National Treasury would also move to have the post of CEO of the airline, which has been vacant for nearly two years, filled.
"At the upcoming AGM, we will attend to the matter of appointing her successor. We will be recommending a chief executive to Cabinet in the coming weeks."
Gigaba said though SAA remained in line for a cash injection from National Treasury, it would come with stringent conditions, notably a commitment to finally implement the company's turnaround strategy.
"Whatever assistance we give them is certainly not going to come easy and freely. We are going to be hard with SAA and the turnaround is not going to help them quickly therefore the conditions we are going to set for them are going to be tough.
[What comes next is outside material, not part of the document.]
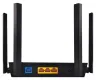 Ver vista 3 de TP-Link Aginet EX141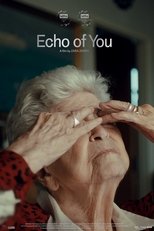 Echo of You (2023)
They are going to have to demonstrate that they are prepared themselves to regain the confidence of the public," he said.
"The strengthening of the balance sheet of SAA must be linked fundamentally to the organisation returning to proper governance and demonstrating that it is going to now implement the turnaround strategy rather than abdicate from that."
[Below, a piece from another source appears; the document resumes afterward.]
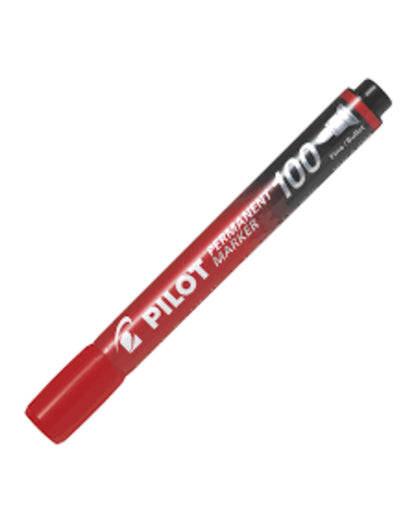 4902505511103.jpg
Gigaba said he would make an announcement on SAA in his medium-term policy statement in October, and confirmed that he was also discussing financial support for the South African Broadcasting Corporation with Communications Minister Ayanda Dlodlo.
Dlodlo this week declined to tell MPs the size of the lifeline the SABC is seeking. Gigaba said a capable board also needed to be appointed, and added pointedly that it must focus not on the politics of the country but on the task of running the company in a viable fashion.
He also called on Public Enterprises Minister Lynne Brown to act with speed to replace the Eskom board, which has been without a chairperson since Monday when Ben Ngubane resigned under a cloud, and to ensure the vacant seat of CEO be filled following Brian Molefe's departure.
"We are very concerned about the state of state-owned companies, particularly their finances and the contingent liabilities," he said.
"The minister of public enterprises should act speedily to strengthen the Eskom board.
"If we address the governance issues at Eskom....if we build confidence as far as the executive directors and non-executive directors are concerned, Eskom will fall off the list of major concerns.
"It will become normal."
He said there would then be scope to scale down the power utility's government guarantees, which stands at R350 billion.
"We are looking forward to that taking place."
He hinted that given the recession, there may not be economic space for the National Energy Regulator of SA (Nersa) to approve Eskom's application for tariff increases of almost 20% for the coming year.
"A decision will have to be taken which does not jeopardise the economy and the position of consumers."